**Task description**.
For any picture in the lines below, please leave it out and copy the rest exactly.

**Given information**.
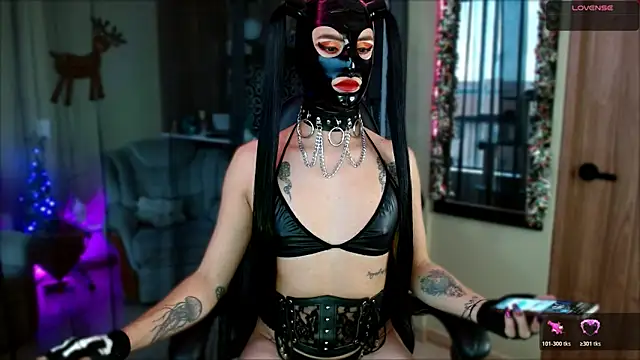 tevenwhiite online show from 12/17/25, 09:31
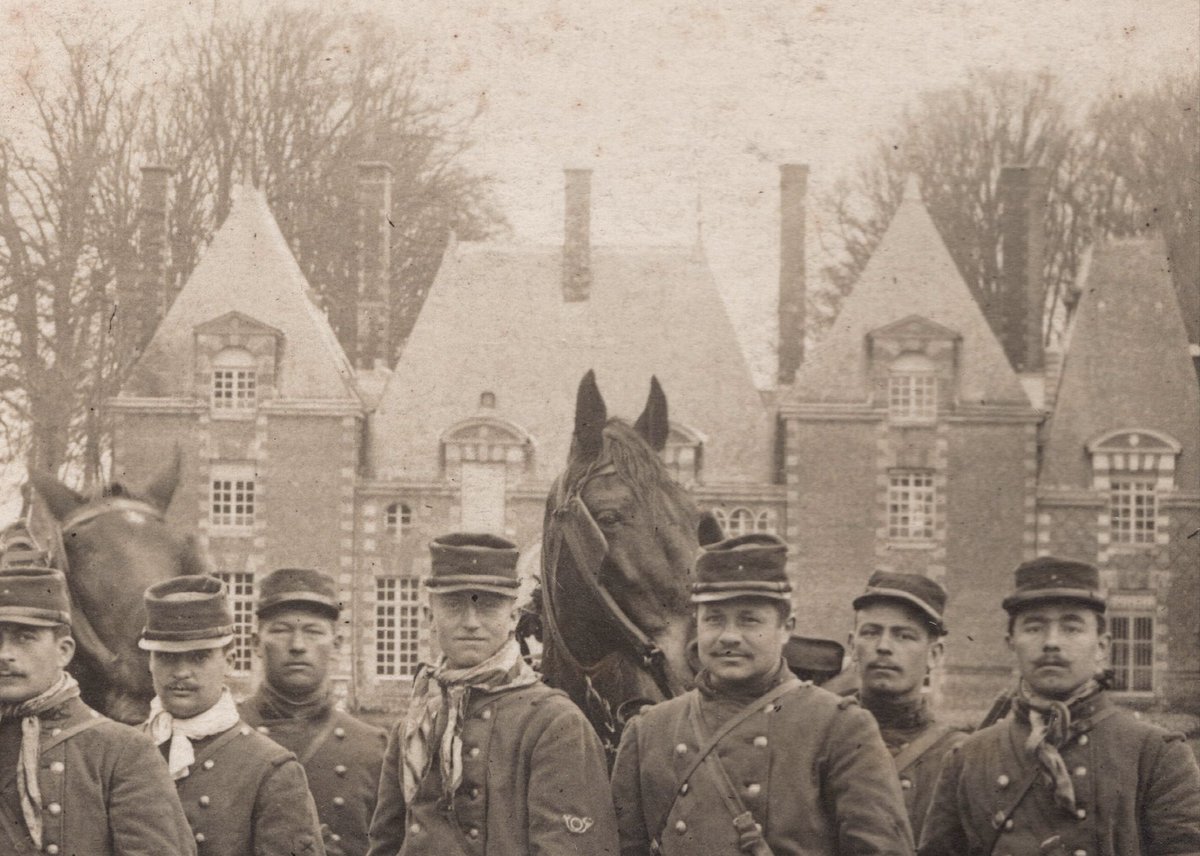Help ! quelqu'un saurait-il identifier ce château ? On est vraisemblablement en Normandie, près de Rouen. Merci pour toute piste !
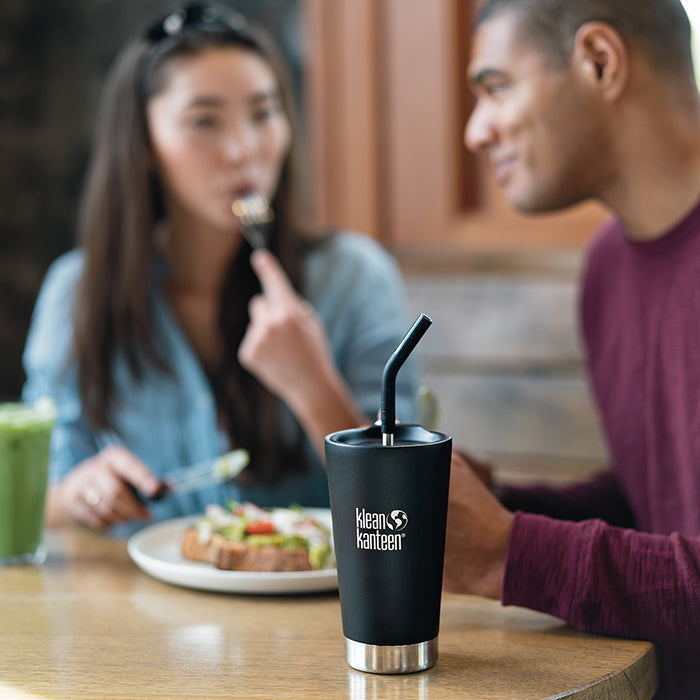 straw-2-pack-black-sale-o2 coffee-tumbler-metal_straw_lifestyle.jpg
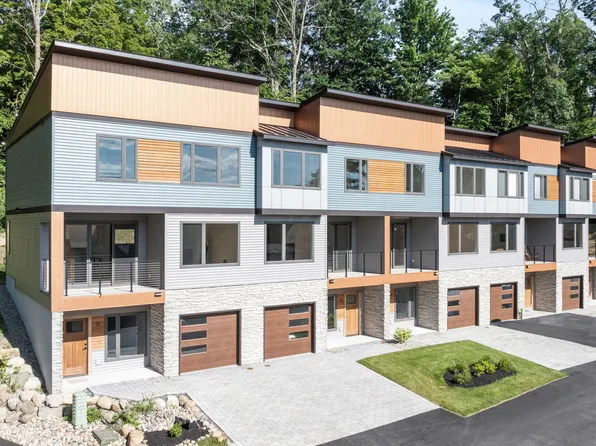 15 Footpath Way, Lake George, NY 12845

**Task solution**.
 tevenwhiite online show from 12/17/25, 09:31
Help ! quelqu'un saurait-il identifier ce château ? On est vraisemblablement en Normandie, près de Rouen. Merci pour toute piste !
 straw-2-pack-black-sale-o2 coffee-tumbler-metal_straw_lifestyle.jpg
 15 Footpath Way, Lake George, NY 12845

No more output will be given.